The problem >> Nothing but the records themselves, exactly as written, should appear in the reply; leave out the pictures.

[Captioned web images]

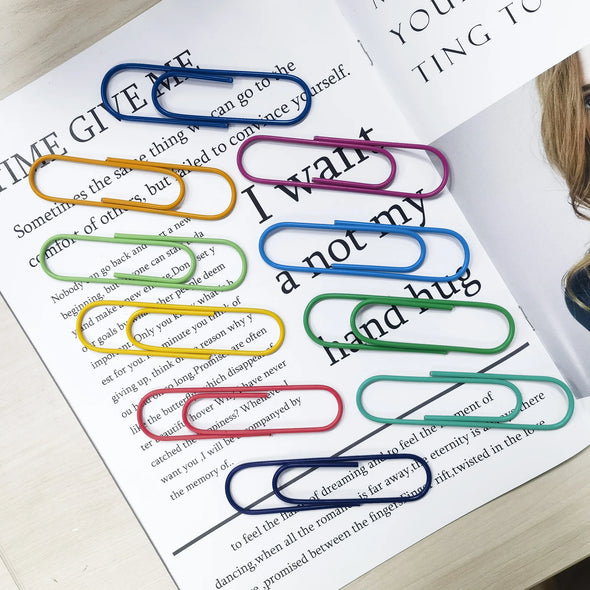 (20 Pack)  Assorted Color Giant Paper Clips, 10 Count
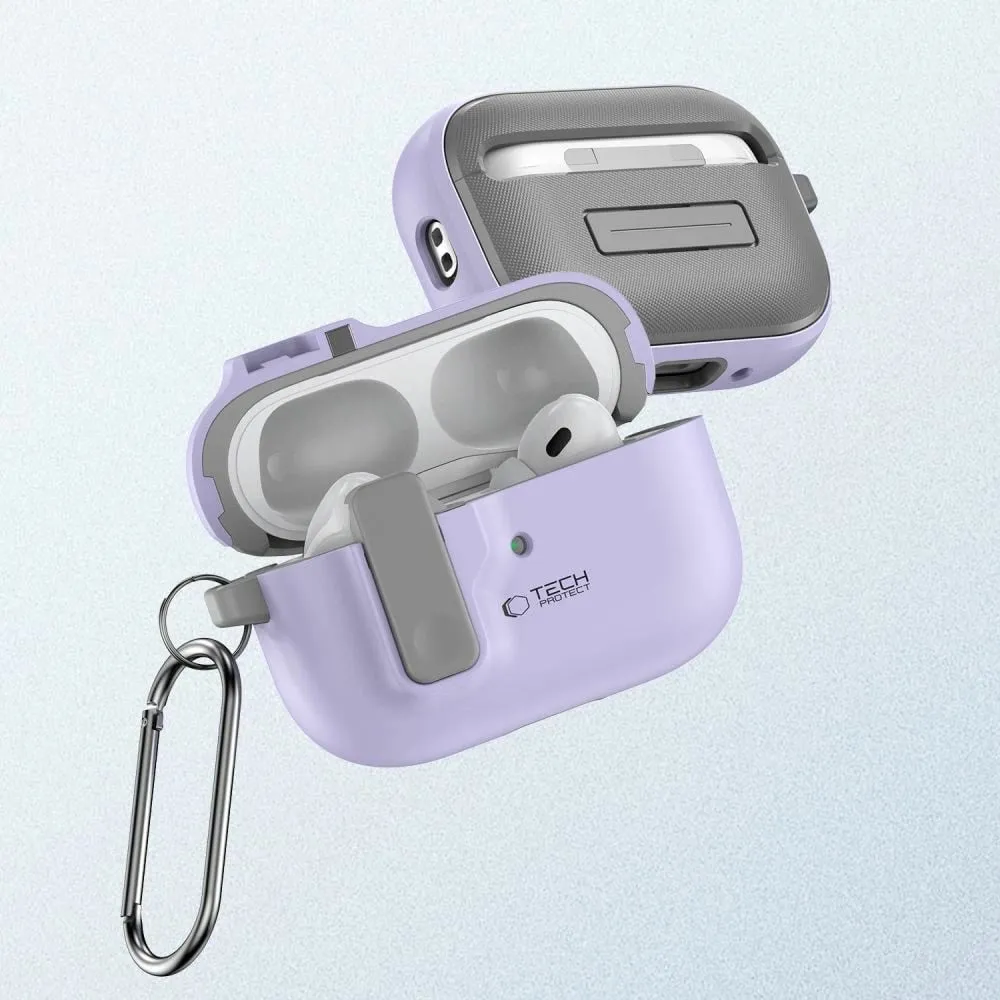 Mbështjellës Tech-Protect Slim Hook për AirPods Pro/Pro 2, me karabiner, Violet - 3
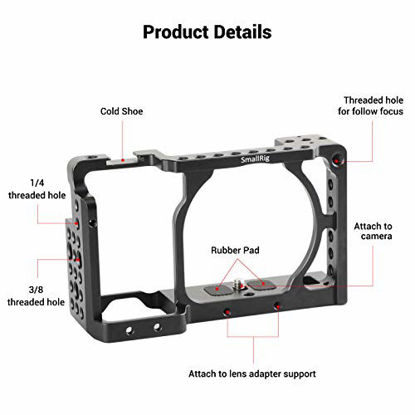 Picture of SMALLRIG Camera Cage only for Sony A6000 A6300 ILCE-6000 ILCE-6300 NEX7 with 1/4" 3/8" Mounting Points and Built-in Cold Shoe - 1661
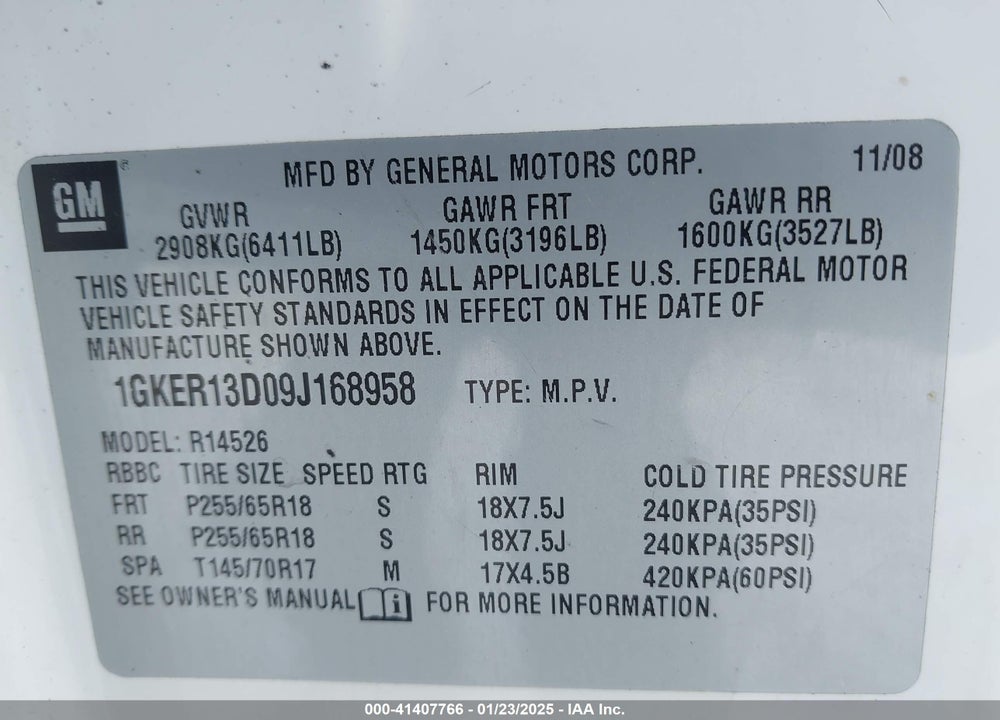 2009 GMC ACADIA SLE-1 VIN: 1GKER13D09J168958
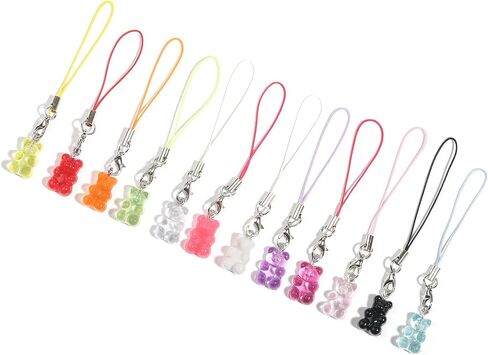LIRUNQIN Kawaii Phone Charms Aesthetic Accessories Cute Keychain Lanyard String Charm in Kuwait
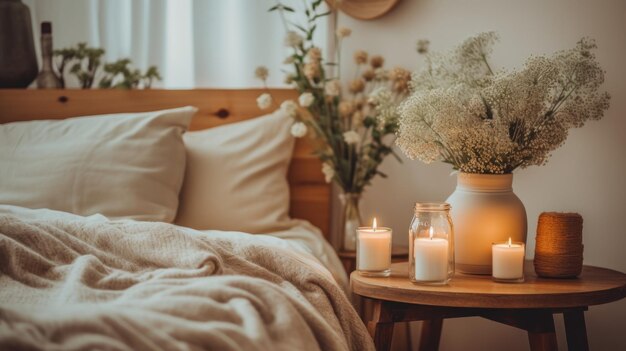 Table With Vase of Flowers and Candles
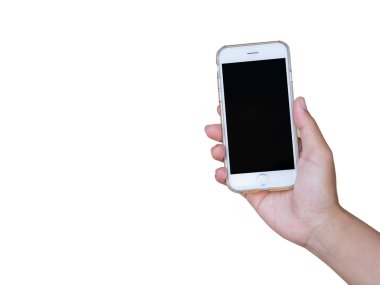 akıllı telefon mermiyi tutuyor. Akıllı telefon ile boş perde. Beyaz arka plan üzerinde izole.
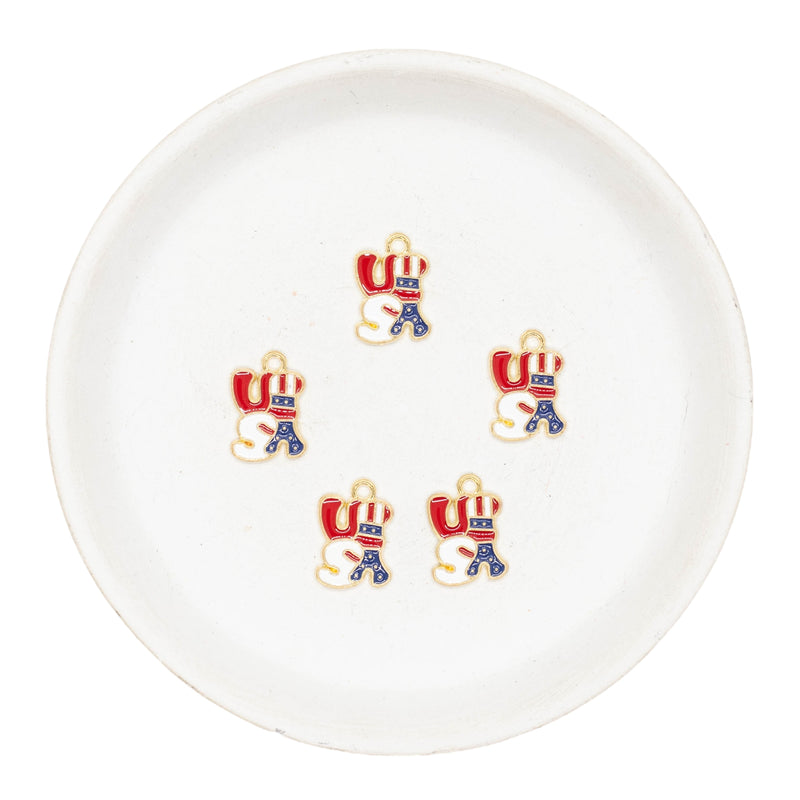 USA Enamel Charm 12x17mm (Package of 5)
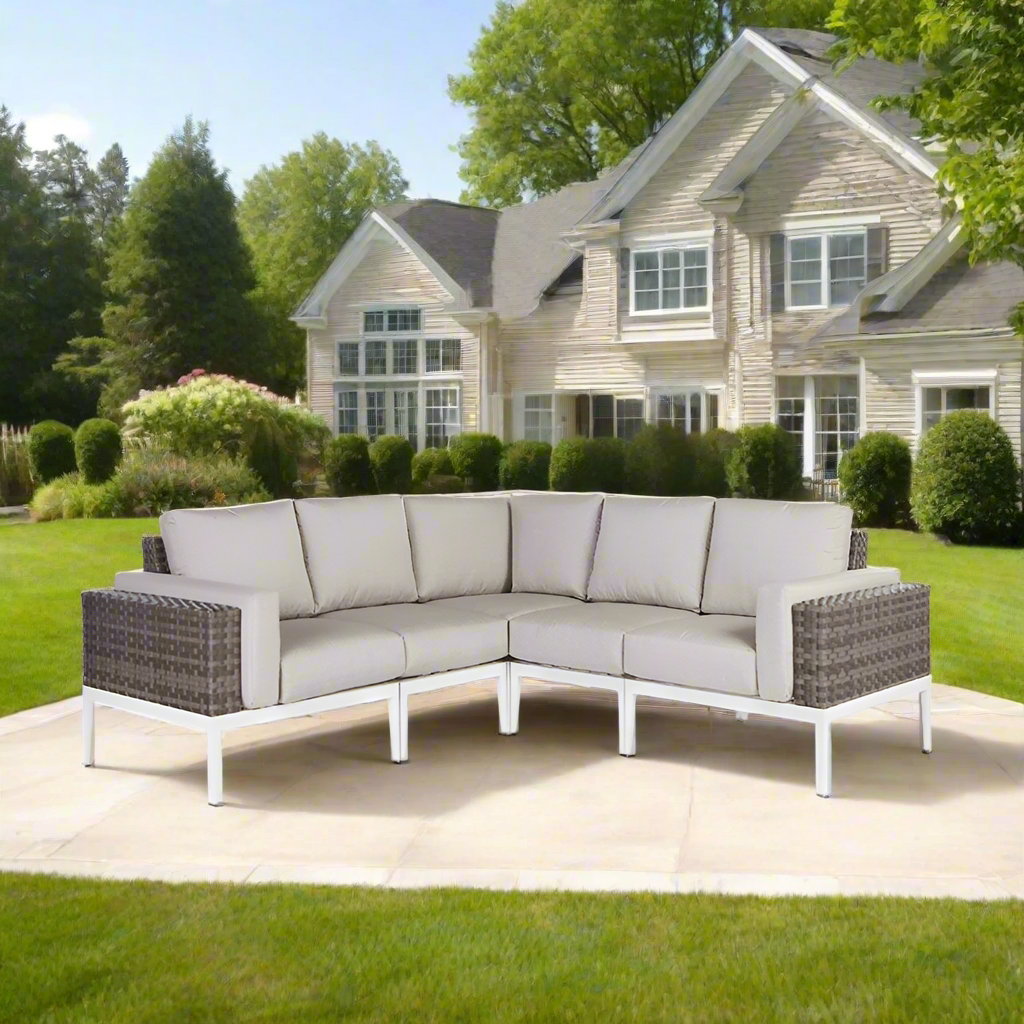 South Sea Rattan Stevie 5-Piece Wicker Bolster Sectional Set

Response to the task >>
 (20 Pack)  Assorted Color Giant Paper Clips, 10 Count
 Mbështjellës Tech-Protect Slim Hook për AirPods Pro/Pro 2, me karabiner, Violet - 3
 Picture of SMALLRIG Camera Cage only for Sony A6000 A6300 ILCE-6000 ILCE-6300 NEX7 with 1/4" 3/8" Mounting Points and Built-in Cold Shoe - 1661
 2009 GMC ACADIA SLE-1 VIN: 1GKER13D09J168958
LIRUNQIN Kawaii Phone Charms Aesthetic Accessories Cute Keychain Lanyard String Charm in Kuwait
 Table With Vase of Flowers and Candles
 akıllı telefon mermiyi tutuyor. Akıllı telefon ile boş perde. Beyaz arka plan üzerinde izole.
 USA Enamel Charm 12x17mm (Package of 5)
 South Sea Rattan Stevie 5-Piece Wicker Bolster Sectional Set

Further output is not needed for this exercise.